When the molten alloy contacts the foam pattern in the mold, the heat of the alloy will degrade the foam material to vaporize the foam, with the products of the foam decomposition passing into the interstices of the surrounding sand and the molten alloy filling the void created by the vaporization of the foam material to provide a cast article.

It has been unexpectedly discovered that the high magnesium content of the alloy prevents the formation of the liquid styrene defect. It is believed that the high magnesium content results in the composition of the alloy being inherently reactive to the local environment of the decomposing foam, thereby causing an insulating magnesium oxide film to form on the advancing metal front that mitigates the chilling of the advancing metal front, and allowing the liquid products of foam decomposition to escape before the leading edge of the molten metal solidifies.

The use of the high magnesium content, above its solubility limit in the alloy, is unobvious, for it has been previously thought that a magnesium content above its solubility limit has no strengthening effect and would normally be expected to produce melt handling problems, as well as the loss of fluidity in the alloy. Also since there is supposed to be an insulating gaseous gap between the advancing molten metal and the receding liquid products of foam decomposition, no chemical reaction is expected between the molten metal and the liquid foam products of decomposition with the current understanding of the evaporable foam casting process. Thus, the result achieved by using a magnesium content above its solubility limit is totally unexpected from the prior art.

Other objects and advantages will appear in the course of the following description.

The drawings illustrate the best mode presently contemplated of carrying out the invention.

In the drawings:

FIG. 1 is a is a photograph of a cast hypereutectic aluminum-silicon alloy water/exhaust cover for an outboard, two-cycle engine at one-third reduction showing a "liquid styrene defect";

FIG. 2 is a 2× enlargement of a portion of the casting shown in FIG. 1; and

FIG. 3 is a 2× enlargement of a second portion of the casting shown in FIG. 1.

The invention is directed to an evaporable foam casting system utilizing a hypereutectic aluminum-silicon alloy whose silicon range is centered about 18% silicon, the range of greatest fluidity, and has particular application for casting articles of substantial and complex sizes, such as linerless engine blocks for internal combustion engines.

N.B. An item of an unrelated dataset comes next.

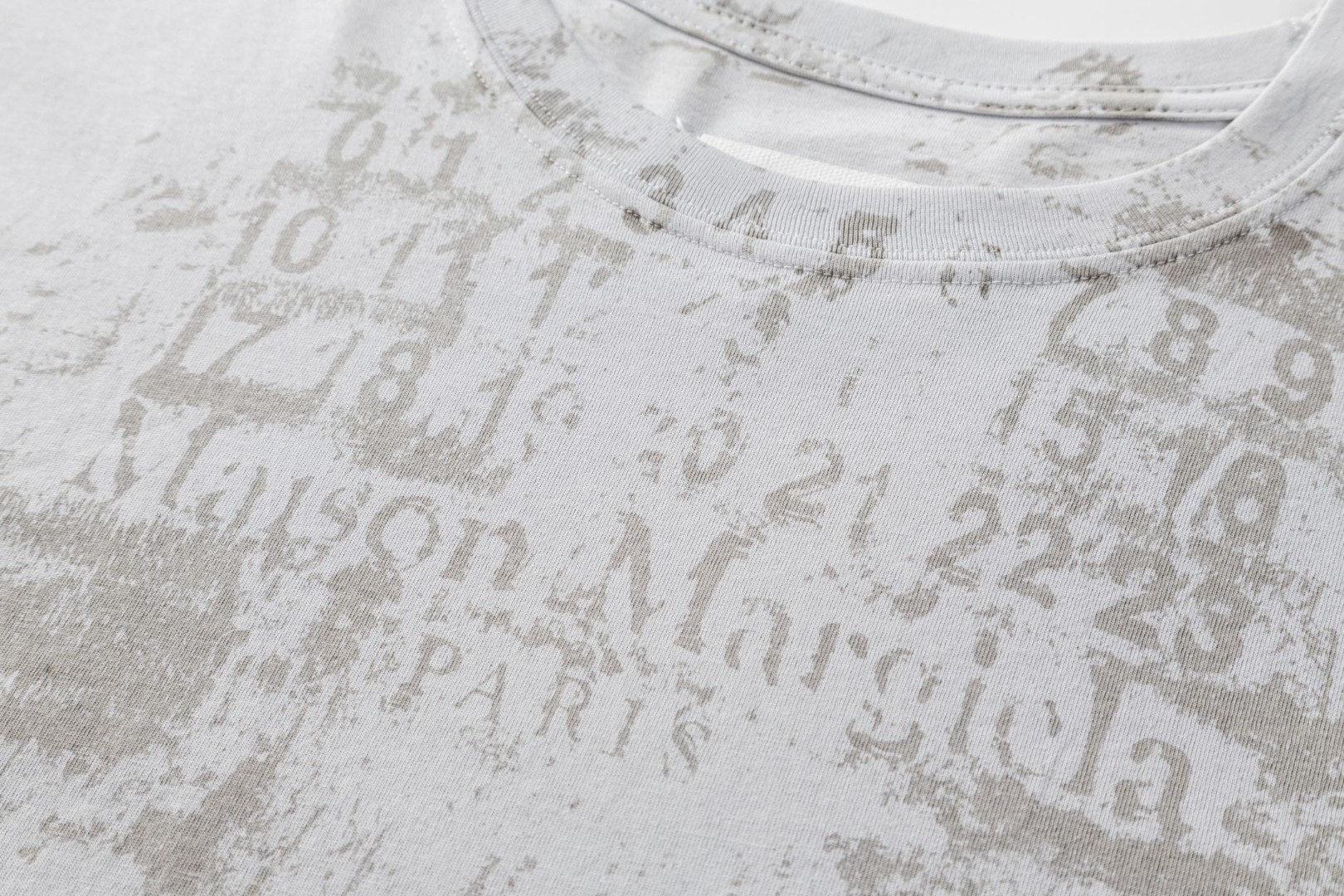 Maison Margiela 马吉拉 做旧印花圆领短袖 T恤 套头 夏季 冰白色 黑色 A0 S50GC0737S24607857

The alloy to be used in the casting system is a hypereutectic aluminum-silicon alloy containing from 16% to 19.5% silicon. The lower limit is established at 16% silicon because below 16% silicon the fluidity drops below 30 inches of fluidity (in the spiral test when cast at 1400° F.) and the wear resistance of the alloy drops below the level sufficient for cylinder bore wear applications due to the small volume fraction of primary silicon. The upper limit is established at 19.5% silicon because above 19.5% silicon the fluidity again drops below 30 inches of fluidity (in the spiral test when cast at 1400° F.). In addition, the alloy has a relatively high magnesium content in the range of 0.75% to 5.0%, with the magnesium being present in an amount in excess of its solubility limit in the alloy, so that in the cast alloy the microstructure includes an unmodified eutectic and a constitutionally modified eutectic made up in part of the Mg2 Si phase.

More particularly, the casting alloy can be composed of a hypereutectic aluminum-silicon alloy having the following composition in weight percent:

______________________________________
Silicon 16.0%-19.5%
Magnesium 0.75%-5.0%
Iron Less than 1.45%
Manganese Less than 0.30%
Copper Less than 0.37%
Aluminum Balance
______________________________________

The casting alloy can also be composed of a hypereutectic aluminum-silicon alloy having the following composition in weight percent:

______________________________________
Silicon 17.0%-19.0%
Magnesium 0.8%-3.0%
Iron Less than 1.4%
Manganese Less than 0.3%
Copper Less than 0.37%
Aluminum Balance
______________________________________

The magnesium is used in an amount in excess of its solubility limit in the alloy and the specific amount of magnesium will vary, depending upon the silicon content and the alloying additions. For example, with a hypereutectic aluminum-silicon alloy containing no other alloying elements, except magnesium, the solubility limit of magnesium will be about 0.80%. Thus, the magnesium content in the alloy should be in excess of that value. With hypereutectic alloys containing additional alloying elements, such as manganese, iron and copper, the solubility limit of magnesium may be in the range of about 0.7%, so that the magnesium content in the alloy should be in excess of that value.

The evaporable foam pattern to be used in the casting process is formed from a polymeric material, such as polystyrene or polymethylmethacrylate or a combination of the two, and has a configuration proportional identical to the article to be cast. The foam pattern is normally coated with a porous ceramic material, which tends to prevent metal/sand reaction and facilitates cleaning of the cast metal part. The ceramic coating can be applied by immersing the pattern in a bath of the ceramic wash, draining the excess wash from the pattern and then drying the wash to provide the porous ceramic coating.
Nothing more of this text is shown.